Entre os feridos, há uma grávida. Todos receberam atendimento médico e passam bem. Conforme a EPTC (Empresa Pública de Transporte e Circulação), o acidente causou grande congestionamento na região.

Mortes no trânsito

O ano de 2018 terminou com 74 vítimas fatais no trânsito de Porto Alegre, o menor número de mortes dos últimos 21 anos. Com esse dado, que representa menos 17% em relação a 2017 (90 mortes), foi antecipada em dois anos a redução da projeção de 50% do número de mortes estabelecida pela ONU (Organização das Nações Unidas) para a Década de Ação no Trânsito (2010/2020), que era de, no máximo, 76 mortes para 2020 na Capital.

A redução geral acontece mesmo com o aumento da frota: atualmente são 839 mil veículos registrados na cidade. Essa é a terceira vez, em 21 anos, que há menos de 100 vítimas fatais (92 em 2016; 90 em 2017 e 74 em 2018). Em 1998, quando a EPTC começou a gerir o trânsito em Porto Alegre, 199 pessoas perderam a vida em razão de acidentes de trânsito.

Na comparação de 2018 com 2017, houve no ano passado uma redução de 6% em acidentes (12.657 a 11.866); menos 9% em feridos (5.438 a 4.895) e menos 17% em mortes (90 a 74).

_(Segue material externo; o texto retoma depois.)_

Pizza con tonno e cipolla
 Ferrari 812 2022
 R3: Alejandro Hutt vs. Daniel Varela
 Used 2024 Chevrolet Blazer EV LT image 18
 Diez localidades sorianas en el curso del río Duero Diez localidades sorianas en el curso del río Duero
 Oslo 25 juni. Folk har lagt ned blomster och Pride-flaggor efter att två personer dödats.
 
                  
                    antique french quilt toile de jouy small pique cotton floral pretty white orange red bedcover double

Reduziu em 36% o número de mortes por atropelamentos (44 a 28) e em 31% as mortes envolvendo motociclistas (35 a 24). Os dados são da Coordenação de Informações de Trânsito da EPTC, com fechamento em 3 de janeiro.

O diretor-presidente substituto da EPTC, Fábio Berwanger Juliano, afirma que a redução geral da acidentalidade é resultado de ações de educação, infraestrutura e fiscalização, com o apoio da população: “Esta redução não seria possível sem o envolvimento efetivo da população, o que felizmente aconteceu. Claro que foi fundamental a parceria entre a EPTC e as demais secretarias do município, como a Saúde, por exemplo, no Programa Vida no Trânsito, além do envolvimento da Brigada Militar, Detran, Polícia Civil, Guarda Municipal, Polícia Rodoviária Federal e Samu, entre outros órgãos públicos e  também privados, e demais instituições”.

Ele ressalta que o esforço pelo trânsito seguro, com menos conflitos, deve ser permanente: “Por trás de cada número na estatística do trânsito existe uma pessoa, os sentimentos envolvidos, as dores pelas perdas ou mesmo as alegrias pelas vidas salvas. Mas, para que mais vidas sejam preservadas, o comprometimento pelo trânsito seguro deve ser contínuo, sem jamais esmorecer diante das dificuldades. Em 2019, vamos reforçar as ações envolvendo motociclistas, pedestres e ciclistas, segmentos bastante expostos à acidentalidade, além de outras medidas educativas, em fiscalização de engenharia de trânsito”.